Afterwards the ladies left the forest and headed for the coastal wetland habitat to study the birds at Ukunda Beach. The team managed to add Sooty Gull, Common Sandpiper and Whiskered Tern.
Day Three: (15th March 2020) Shimba Hills National Reserve to Nairobi
The team left in the early hours of the morning and began the journey back. Crossing the Likoni ferry and the coastal city of Mombasa, they continued North to Mackinnon Road town where they had breakfast. House Sparrow, Indian House Crow and Red-winged Starlings being the most common species. Being on a Sunday meant that there was little traffic on the highway which gave good opportunities to conduct roadside birding. A few kilometers from Vacani Resort (near Voi town) were good sightings of Bateleur, Slate-coloured Boubou and Pin-tailed Whydah. The habitat was short-scrub and bushland; where dry country birds were in plenty. A Tawny Eagle on the side of the road was perched well and gave good time to observe its behaviour. Due to the ever-increasing heat, the eagle was panting in an attempt to cool off.
The team then proceeded on and briefly made a stopover at Hunter’s Lodge. The lodge is reputed to be a great birding hotspot to visitors plying the Mombasa Road. They were met by a huge heronry of Black-headed Herons at a tree located near the artificial wetland in the lodge. Similarly, male Eastern Golden Weavers were busy weaving their nests on some reeds in the same wetland. Additional sightings at the lodge were Thick-billed Weavers and Malachite Kingfisher. The team then hit the road and headed back to Nairobi.
This was the first training held specifically for the Kenya Women Birders. The Kenya Women Birders is a new club whose aim is to nurture the next generation of female birders in Kenya. The club was launched at a spectacular event that was held at Ford Hall, Nairobi National Museum, on 29th March, 2019. The launch event was supported by the National Museums of Kenya, Wildlife Clubs of Kenya, Eastern Africa Primate Diversity and Conservation Program, Youth Conservation Awareness Program, and Cisticola Tours LTD. Over 72 people from Kenya and Uganda joined the launch event; representing Universities, Birding Clubs, Conservation NGOs, Tour Operators, Individual Birders and Guides, Media, and many more.

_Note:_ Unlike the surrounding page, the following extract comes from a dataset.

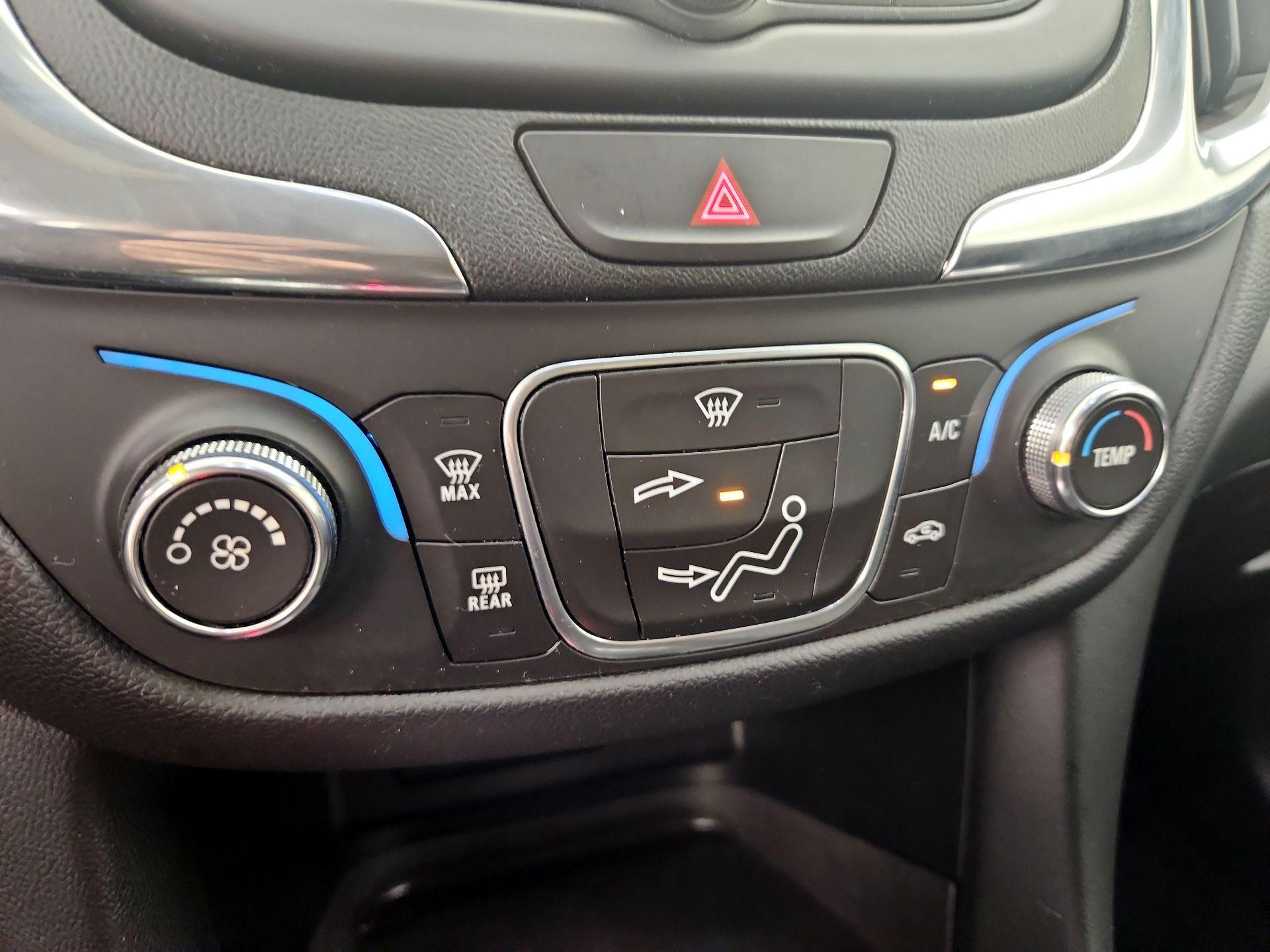 Thumbnail: 2019 Chevrolet Equinox - 16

One of the main commitments pledged by Cisticola Tours LTD, at the launch event, was to facilitate trainings for the club in the coming months and further years. In light of this, the company fundraised for the first training held in September, 2019. At present, the club has twelve members, all of whom were eligible for the training, although some were occupied with other responsibilities.

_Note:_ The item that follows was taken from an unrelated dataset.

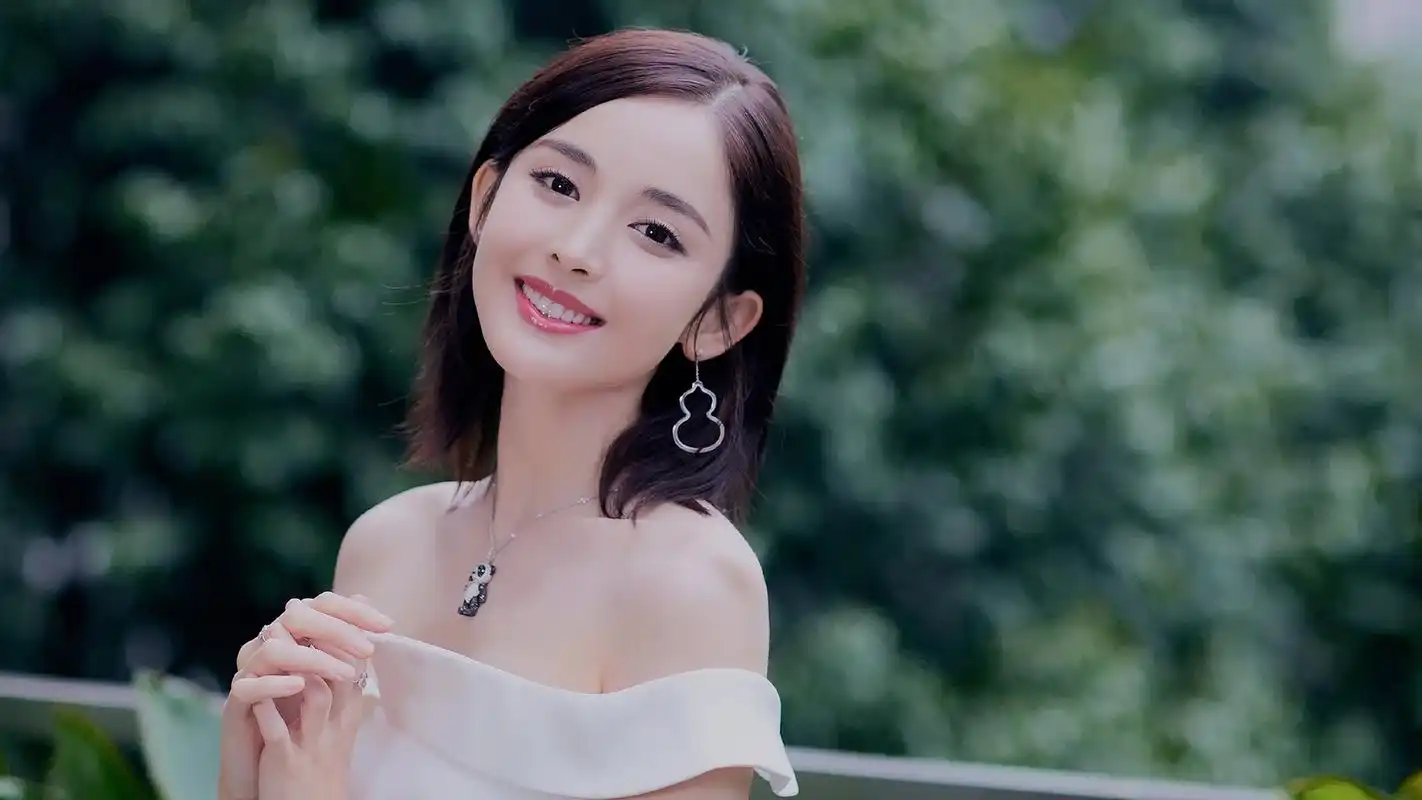 古力娜扎明星风尚壁纸5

The training involved eight ladies from the club. The training venue, Mt. Kenya Eco-resource Center, is located within the expansive Gathiuru forest of Mount Kenya and this provided a natural and ideal setting where practical birdwalks were conducted.
Different methods of training were employed, including use of lectures, field guides, visual aids such as power point presentations and films; as well as student discussion groups. Key topics such as Birding basics, Binoculars choice and use, Bird Anatomy, Birds of Kenya, Bird Taxonomy, Bird Feeding, Bird Migration, Colours and Patterns,and Breeding were taught and short films illustrating these topics also included.
The program was designed in a practical format and had birdwalk sessions early in the morning before breakfast and in the early evening after the four o’clock tea break.
At the end of the training, certificates were awarded to the participants for successfully completing the training and branded T-shirts issued to all the ladies.
Day One: [13th September]
Upon arrival, and after meeting the hosts, the training exercise kicked off with a briefing about the operations of the eco-resource center. Later, participants were briefed about the targets of the whole training, highlighting the various aspects of the course outline and what the ladies were expected to learn during the training.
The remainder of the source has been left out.